RFC Errata
RFC 3376, "Internet Group Management Protocol, Version 3", October 2002
Note: This RFC has been updated by RFC 4604
Source of RFC: idmr (rtg)
Errata ID: 7575
Status: Rejected
Type: Technical
Publication Format(s) : TEXT
Reported By: Aymen Lahouel
Date Reported: 2023-07-26
Rejected by: John Scudder
Date Rejected: 2024-02-14
Section 5.1 says:
If more changes to the same interface state entry occur before all the retransmissions of the State-Change Report for the first change have been completed, each such additional change triggers the immediate transmission of a new State-Change Report.
It should say:
If more changes to the same interface state entry occur before all the retransmissions of the State-Change Report for the first change have been completed, each such additional change triggers the immediate transmission of a new State-Change Report only if the new change is of the same type as the current change.
Notes:
Section 5.1 says: "If the interface reception-state change that triggers the new report is a filter-mode change, then the next [Robustness Variable] State-Change Reports will include a Filter-Mode-Change record. This applies even if any number of source-list changes occur in that period. The host has to maintain retransmission state for the group until the [Robustness Variable] State-Change reports have been sent.".
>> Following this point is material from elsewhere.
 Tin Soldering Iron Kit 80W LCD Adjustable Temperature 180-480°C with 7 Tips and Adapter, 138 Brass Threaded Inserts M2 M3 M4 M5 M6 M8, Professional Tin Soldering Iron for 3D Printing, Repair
It is clearly stated that if a source-list changes occur before all the retransmissions of the State-Change Report for the filter-mode change have been completed, The host has to maintain retransmission state for the group until the [Robustness Variable] State-Change reports have been sent. Therefore, in this case it must not immediately send a new State-Change Report.
--VERIFIER NOTES--
RFC 3376 author Bill Fenner said (private email, Feb 9 2024, shared with permission):
Hi Aymen,
Thanks for your interest in IGMPv3. I don't think your proposed change is correct, because one of the fundamental goals of IGMP is to communicate about changes immediately, so a change to say that you don't notify about a change immediately is against that goal.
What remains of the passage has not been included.